The form url part allows the following parameters to be specified:

Parameter Default value Values Description Multiple
pretty false true,false Pretty print false
flat false true,false Flats the data property map false

Example: pretty=true&flat=false


Part: field

The field url part is used in _range service.
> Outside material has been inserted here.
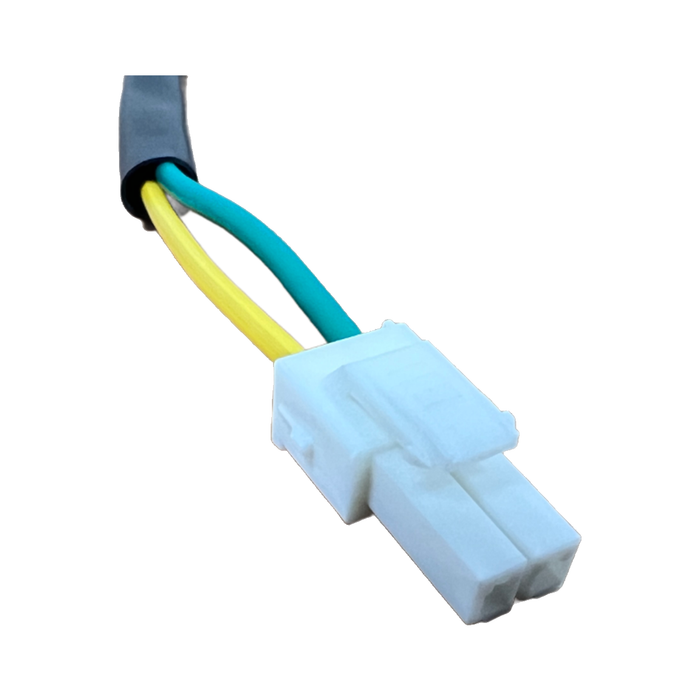 Rato R740D Wiring Harness | 35665-Z120120-00A0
It's the name pattern of the field used to calculate its values range (_range service).

Example: field=timestamp


Part: projection

The projection url part allows the following parameters to be specified:

Parameter Default value Values Description Multiple
include * {fieldNamePattern} List the name patterns of the field to be included in the result. Seperate patterns with a comma. true
exclude * {fieldNamePattern} List the name patterns of the field to be excluded in the result. Seperate patterns with a comma. true

Example: include=*&exclude=city,state


Part: suggest

The suggest url part allows the following parameters to be specified:

Parameter Default value Values Description Multiple
field _all {fieldName} Name of the field to be used for retrieving the most relevant terms false

Example: field=recommended


Part: page

The page url part allows the following parameters to be specified:

Parameter Default value Values Description Multiple
size 10 > 0 The maximum number of entries or sub-entries to be returned. false
from 0 > 0 An offset to start the search from. Defaults to 0. false
sort None ((-?)({field} OR geodistance:{lat} {lon}))(,(-?){field})* Sorts the resulted hits on the given fields and/or by distance to a given point false (separate fields with comma in the same parameter)
after None {value1},{value2},... List of values of fields present in sort param that are used to get the following hits of a previous search false (separate values with comma in the same parameter)

sort parameter

Syntax

sort=((-?)({field} OR geodistance:{lat} {lon}))(,(-?){field})*.

Notes

  • {field} can be preceded by '-' for descending sort. By default, sort is ascending.
  • The order of fields matters.

Tip : geodistance sort

Along with the comma separated fields, you can add geodistance:{lat} {lon} (at most 1 time) to sort the hits centroids by distance to the given {lat} {lon} (ascending sort).

Example 1

sort=age,-timestamp. Resulted hits are sorted by age. For same age hits, they are decreasingly sorted in time.

Example 2

sort=age,geodistance:89 179. Resulted hits are sorted by age. For same age hits, they are sorted by the closest distance to the point (89°,179°).

after parameter

Important

after parameter works only combined with sort parameter.

Syntax

after={value1},{value2},...,{valueN} & sort={field1},{field2},...,{fieldN}

Notes

  • {value1} and {value2} are the values of {field1} and {field2} in the last hit returned in the previous search.
  • The last field {fieldN} must be the id field specified in the collection collection.params.idPath (returned as md.id) and {valueN} its corresponding value.
  • sort parameter cannot include geodistance sort
  • from parameter must be set to 0 or kept unset

The difference between after and from

  • after is used to scroll over the fetched hits.
  • from is more an offset from which fetching hits starts and is not exclusively used for scrolling (scrolling is possible by combining from and size parameters).

Example

sort=-date,id & after=01/02/2019,abcd1234. Gets the following hits of the previous search that stopped at date 01/02/2019 and id abcd1234.


OpenSearch

If enabled, ARLAS offers an Opensearch Description document (/arlas/ogc/opensearch/{collection}).